→ **Exercise aim**
Retype the data that follows line by line, exactly, and leave its pictures out.

→ **Source data**

__________________________________________________

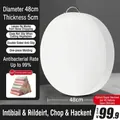 White round PE cutting board, 48cm diameter and 5cm thickness, durable and antibacterial - Diameter 48cm * Thickness 5cm / White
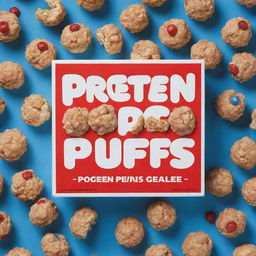 A eye-catching blue box of cereal with the title 'Protein Puffs' in bold red letters encased in a clean white border.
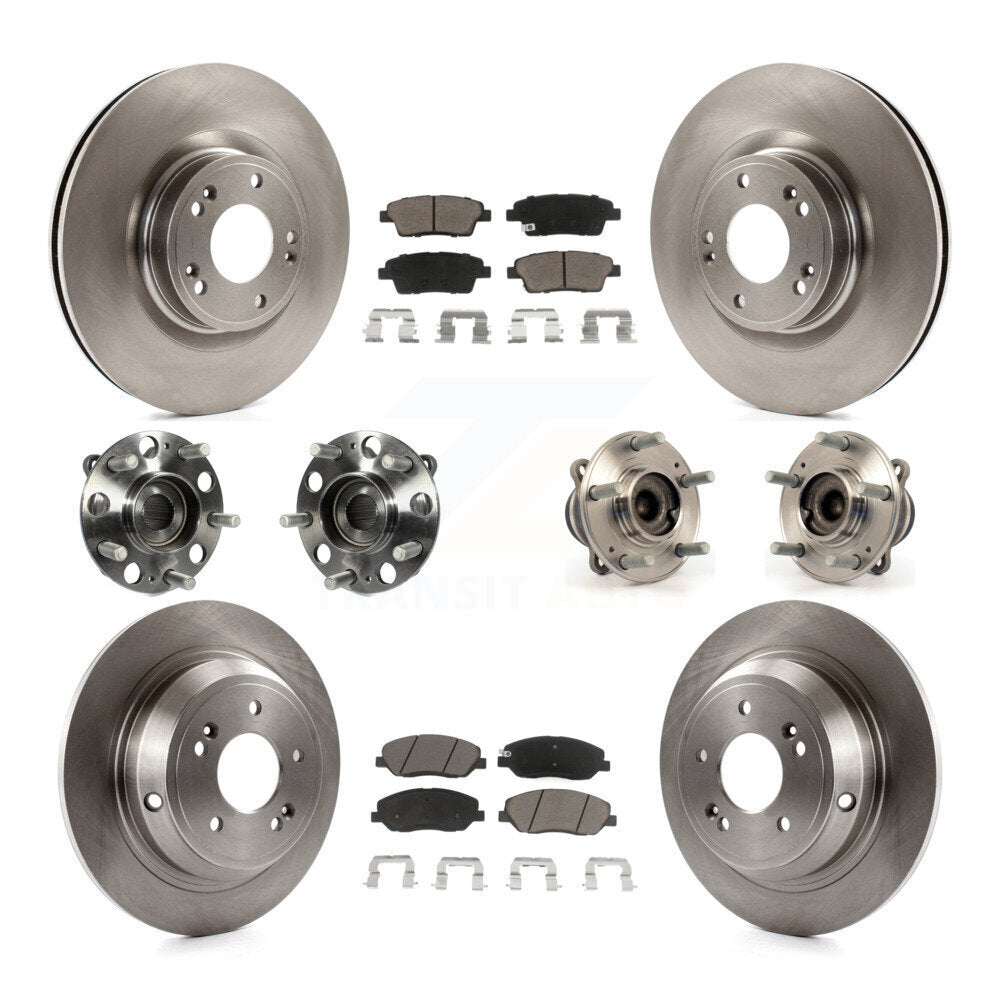 Hub Bearing Disc Brake Rotor Pads Front Rear Kit (10Pc) For Hyundai Genesis 3.8L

__________________________________________________

→ **Answer for this exercise**
 White round PE cutting board, 48cm diameter and 5cm thickness, durable and antibacterial - Diameter 48cm * Thickness 5cm / White
 A eye-catching blue box of cereal with the title 'Protein Puffs' in bold red letters encased in a clean white border.
 Hub Bearing Disc Brake Rotor Pads Front Rear Kit (10Pc) For Hyundai Genesis 3.8L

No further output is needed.